A nova diretriz, implementada pela CBF a partir da 23ª rodada, estabelece punições rigorosas para comportamentos antidesportivos. O documento oficial detalha que o jogador foi advertido com cartão vermelho direto por se aproximar do técnico adversário, Jair Ventura, cobrindo a boca enquanto proferia frases que não foram identificadas pela arbitragem.
O rigor da regra contra gestos de ocultação
Conforme a regulamentação vigente, o simples ato de tapar a boca com a mão ou com a camisa durante um debate ou confronto direto é suficiente para a aplicação da penalidade máxima. A medida visa coibir ofensas que não podem ser lidas ou interpretadas pela equipe de arbitragem, aumentando o controle disciplinar dentro das quatro linhas.

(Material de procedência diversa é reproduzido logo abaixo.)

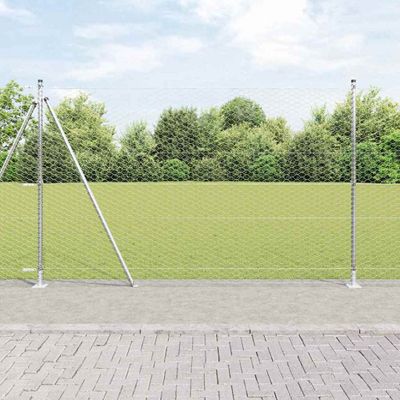vidaXL Hexagonálne oplotenie s betónovým podstavcom 10 x 1,5 m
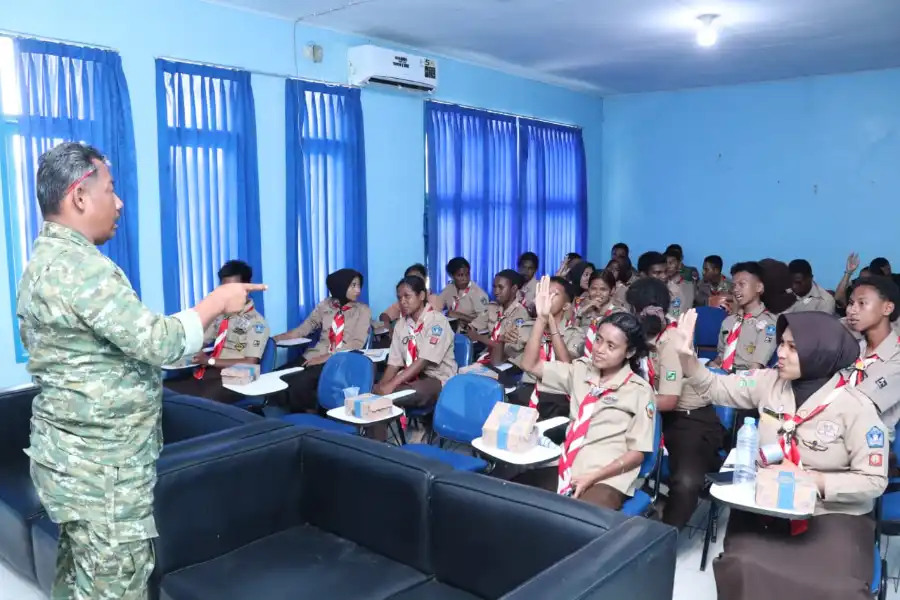 Kodaeral XIV Sorong Ikuti Grand Launching Ekstrakurikuler Korps Kadet Republik Indonesia (KKRI)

O relato de Zanovelli aponta que a atitude do atleta gerou um princípio de confusão generalizada no gramado. O tumulto envolveu jogadores e membros das comissões técnicas de ambas as agremiações, sendo necessário o auxílio de seguranças para restabelecer a ordem e encerrar a partida.
Contexto esportivo e próximos compromissos
O resultado do confronto alterou a dinâmica das equipes na tabela de classificação. O Botafogo ocupa atualmente a 11ª posição, somando 30 pontos, enquanto o Vitória segue logo atrás, na 12ª colocação, com 29 pontos conquistados até o momento.
O calendário das equipes segue intenso. O clube carioca volta suas atenções para a Copa Sul-Americana, onde enfrenta o Cienciano na próxima quinta-feira, às 21h30. Já pelo torneio nacional, o Botafogo encara o Athletico na segunda-feira (24), enquanto o Vitória recebe o Bahia no domingo (23).